## [TASK INSTRUCTIONS]
Which lines in the records below contain the word "Dress"? Return each of them.

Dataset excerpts
^^^^^^^^

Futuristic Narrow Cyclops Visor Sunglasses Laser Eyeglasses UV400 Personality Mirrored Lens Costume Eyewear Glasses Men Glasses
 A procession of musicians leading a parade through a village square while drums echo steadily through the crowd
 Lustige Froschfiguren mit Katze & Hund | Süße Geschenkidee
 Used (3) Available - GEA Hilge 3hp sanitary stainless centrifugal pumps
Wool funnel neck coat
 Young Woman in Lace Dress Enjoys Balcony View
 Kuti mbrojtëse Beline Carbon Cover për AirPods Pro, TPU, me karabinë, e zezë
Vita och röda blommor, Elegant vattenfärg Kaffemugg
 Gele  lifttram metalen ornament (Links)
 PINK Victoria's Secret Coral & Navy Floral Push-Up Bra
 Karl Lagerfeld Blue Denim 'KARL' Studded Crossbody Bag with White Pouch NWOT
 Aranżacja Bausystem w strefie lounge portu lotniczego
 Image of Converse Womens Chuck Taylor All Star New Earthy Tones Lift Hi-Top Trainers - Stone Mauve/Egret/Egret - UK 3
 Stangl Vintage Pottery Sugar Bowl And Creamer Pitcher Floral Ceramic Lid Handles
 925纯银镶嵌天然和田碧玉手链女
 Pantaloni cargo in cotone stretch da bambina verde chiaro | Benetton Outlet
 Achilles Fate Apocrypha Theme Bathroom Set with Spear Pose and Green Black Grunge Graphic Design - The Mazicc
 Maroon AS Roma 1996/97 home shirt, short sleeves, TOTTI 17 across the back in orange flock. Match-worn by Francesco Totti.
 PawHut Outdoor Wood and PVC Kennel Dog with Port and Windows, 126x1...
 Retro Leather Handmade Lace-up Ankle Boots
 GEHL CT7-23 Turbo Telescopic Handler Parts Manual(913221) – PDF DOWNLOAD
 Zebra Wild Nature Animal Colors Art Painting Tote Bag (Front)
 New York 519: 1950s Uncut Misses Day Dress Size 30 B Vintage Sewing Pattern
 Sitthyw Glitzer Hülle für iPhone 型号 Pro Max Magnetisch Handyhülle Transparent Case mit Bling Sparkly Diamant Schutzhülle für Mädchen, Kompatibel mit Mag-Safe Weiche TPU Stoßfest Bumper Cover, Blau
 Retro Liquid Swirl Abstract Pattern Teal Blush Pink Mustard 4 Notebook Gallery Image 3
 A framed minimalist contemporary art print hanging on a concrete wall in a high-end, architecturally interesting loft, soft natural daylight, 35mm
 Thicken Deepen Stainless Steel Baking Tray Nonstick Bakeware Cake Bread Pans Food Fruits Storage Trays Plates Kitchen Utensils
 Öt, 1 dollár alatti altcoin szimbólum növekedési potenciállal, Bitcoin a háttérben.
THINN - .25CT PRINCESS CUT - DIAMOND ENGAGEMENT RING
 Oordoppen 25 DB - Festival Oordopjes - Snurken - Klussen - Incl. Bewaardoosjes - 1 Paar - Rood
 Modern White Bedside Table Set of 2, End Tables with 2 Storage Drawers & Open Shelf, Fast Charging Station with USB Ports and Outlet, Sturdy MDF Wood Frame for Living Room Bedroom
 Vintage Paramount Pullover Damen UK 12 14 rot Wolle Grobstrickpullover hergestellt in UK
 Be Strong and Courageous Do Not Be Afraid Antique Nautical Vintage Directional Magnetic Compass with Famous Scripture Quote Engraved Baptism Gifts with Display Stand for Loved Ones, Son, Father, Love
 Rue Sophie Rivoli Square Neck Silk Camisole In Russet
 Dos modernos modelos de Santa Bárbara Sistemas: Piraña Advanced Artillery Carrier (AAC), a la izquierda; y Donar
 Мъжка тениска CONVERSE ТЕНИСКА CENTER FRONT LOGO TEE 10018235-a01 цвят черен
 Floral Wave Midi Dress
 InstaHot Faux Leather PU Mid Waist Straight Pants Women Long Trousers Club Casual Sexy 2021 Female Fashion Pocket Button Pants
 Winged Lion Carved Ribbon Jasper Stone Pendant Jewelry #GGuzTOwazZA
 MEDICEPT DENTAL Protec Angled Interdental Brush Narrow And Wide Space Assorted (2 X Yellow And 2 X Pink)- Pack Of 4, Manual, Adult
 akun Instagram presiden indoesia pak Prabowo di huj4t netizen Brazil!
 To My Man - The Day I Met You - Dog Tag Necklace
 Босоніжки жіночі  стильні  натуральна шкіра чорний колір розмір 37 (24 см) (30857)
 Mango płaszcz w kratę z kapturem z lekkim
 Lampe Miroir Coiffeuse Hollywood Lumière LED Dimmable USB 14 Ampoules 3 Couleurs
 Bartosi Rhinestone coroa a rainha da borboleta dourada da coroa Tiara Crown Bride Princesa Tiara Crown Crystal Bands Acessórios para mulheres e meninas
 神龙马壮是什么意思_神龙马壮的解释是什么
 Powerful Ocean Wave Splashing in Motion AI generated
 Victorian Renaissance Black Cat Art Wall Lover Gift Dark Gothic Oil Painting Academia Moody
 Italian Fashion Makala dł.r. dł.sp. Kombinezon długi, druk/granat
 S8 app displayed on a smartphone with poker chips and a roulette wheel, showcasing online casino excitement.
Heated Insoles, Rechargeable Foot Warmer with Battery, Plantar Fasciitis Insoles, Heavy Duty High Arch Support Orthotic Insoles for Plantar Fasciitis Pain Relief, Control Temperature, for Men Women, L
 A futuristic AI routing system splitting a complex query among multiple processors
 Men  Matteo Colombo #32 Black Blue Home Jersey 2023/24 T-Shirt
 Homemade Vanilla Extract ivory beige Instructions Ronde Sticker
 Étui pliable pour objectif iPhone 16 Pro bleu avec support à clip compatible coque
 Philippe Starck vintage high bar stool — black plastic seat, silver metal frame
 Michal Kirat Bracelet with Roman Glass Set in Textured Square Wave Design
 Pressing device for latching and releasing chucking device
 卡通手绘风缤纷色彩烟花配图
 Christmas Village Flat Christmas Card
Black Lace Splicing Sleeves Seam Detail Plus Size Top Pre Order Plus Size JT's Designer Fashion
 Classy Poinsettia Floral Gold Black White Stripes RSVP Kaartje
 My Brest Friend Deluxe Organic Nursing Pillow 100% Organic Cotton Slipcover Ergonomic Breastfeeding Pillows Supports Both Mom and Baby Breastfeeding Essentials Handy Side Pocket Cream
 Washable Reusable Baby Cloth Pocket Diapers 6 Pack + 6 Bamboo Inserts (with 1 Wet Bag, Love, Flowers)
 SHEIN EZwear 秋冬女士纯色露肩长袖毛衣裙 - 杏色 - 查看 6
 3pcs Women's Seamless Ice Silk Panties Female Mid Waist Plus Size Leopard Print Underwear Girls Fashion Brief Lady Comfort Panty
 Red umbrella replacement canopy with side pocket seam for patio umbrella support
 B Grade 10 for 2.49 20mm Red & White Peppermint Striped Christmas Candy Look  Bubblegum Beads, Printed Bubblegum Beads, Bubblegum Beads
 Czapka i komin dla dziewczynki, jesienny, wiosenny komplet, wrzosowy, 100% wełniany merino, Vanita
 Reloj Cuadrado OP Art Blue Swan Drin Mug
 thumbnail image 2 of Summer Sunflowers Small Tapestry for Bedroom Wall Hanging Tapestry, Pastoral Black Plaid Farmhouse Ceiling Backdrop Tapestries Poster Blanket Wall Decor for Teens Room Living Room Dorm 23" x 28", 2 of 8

^^^^^^^^

## [ANSWER]
 Young Woman in Lace Dress Enjoys Balcony View
 New York 519: 1950s Uncut Misses Day Dress Size 30 B Vintage Sewing Pattern
 Floral Wave Midi Dress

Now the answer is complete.